Performance investigation of LiCl·H(2)O-γ-Al(2)O(3) composite materials for low-grade heat storage

In this study, the influences of nano γ-Al(2)O(3) on the thermal storage performance of LiCl were experimentally investigated. The XRD results show that a complex of lithium aluminium oxychloride (LiAlOCl(2)) was formed through the LiCl·H(2)O and γ-Al(2)O(3) composites preparation process. The in situ diffuse reflectance infrared Fourier transform spectroscopy measurement reveals that the addition of γ-Al(2)O(3) accelerated the hydration rate of LiCl composites, concentrated the spectrum utilization range, and promoted the desorption rate of physical adsorbed H(2)O and low-frequency structural –OH in the materials. The highest specific surface area of the composite is 34.5 times higher than that of pure LiCl.
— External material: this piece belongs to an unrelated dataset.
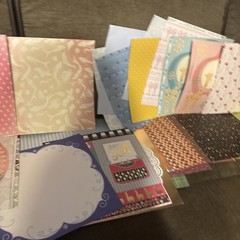 Mermaid Baby Boy Llama 12×12 Paper & Sticker Lot – Scrapbooking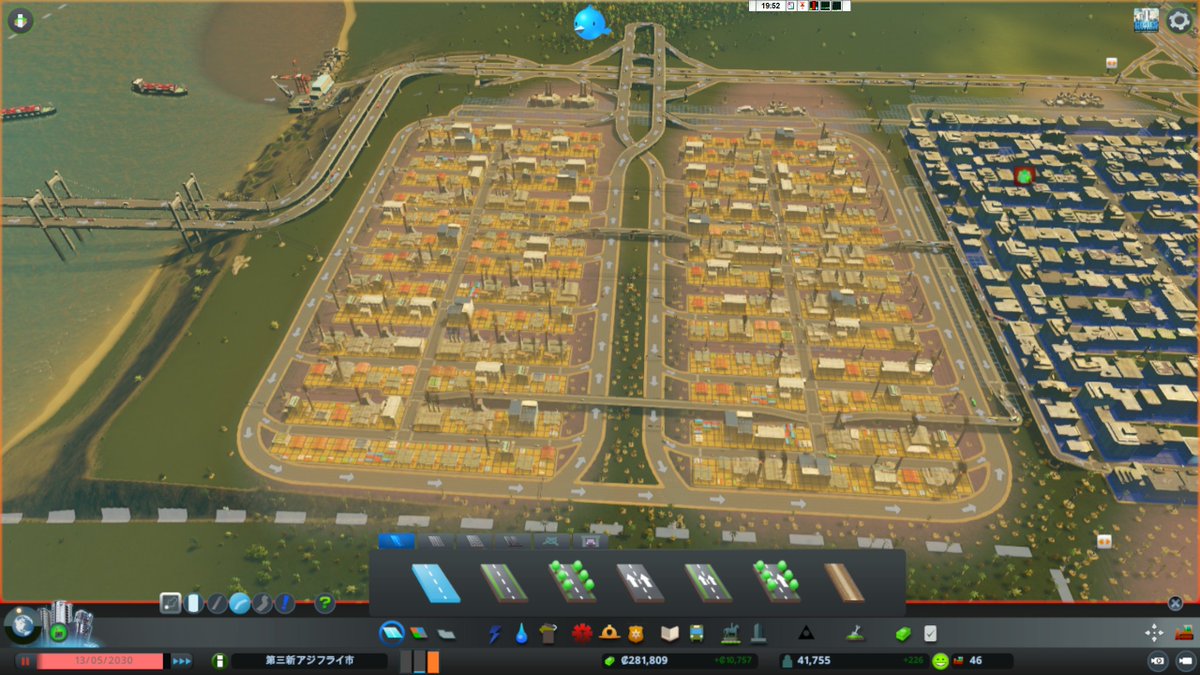 街を作るゲームで絶対渋滞しないように工業地帯を作ってみたけど完全にアレに似ている 効率を追求するとこうなる Togetter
The addition of γ-Al(2)O(3) can increase the conversion rate of LiCl·H(2)O to approximately 100% at the hydration time of 1 h and the addition content of γ-Al(2)O(3) at 15 wt%. A maximum heat storage density (HSD) for the LiCl·H(2)O-γ-Al(2)O(3) composite can reach 714.7 kJ kg(LiCl·H(2)O)(−1) in 1 h when the addition content of γ-Al(2)O(3) was 15%(wt) and its water uptake can reach 0.26 g g(−1) in 1 h. It also can be found that the addition of Al(2)O(3) in LiCl resulted in a decrease of the activation energy from 90.89 kJ mol(−1) to 79.76 kJ mol(−1). However, the thermal conductivity of the LiCl·H(2)O-γ-Al(2)O(3) composite slightly decreased with the increase of nano γ-Al(2)O(3) content.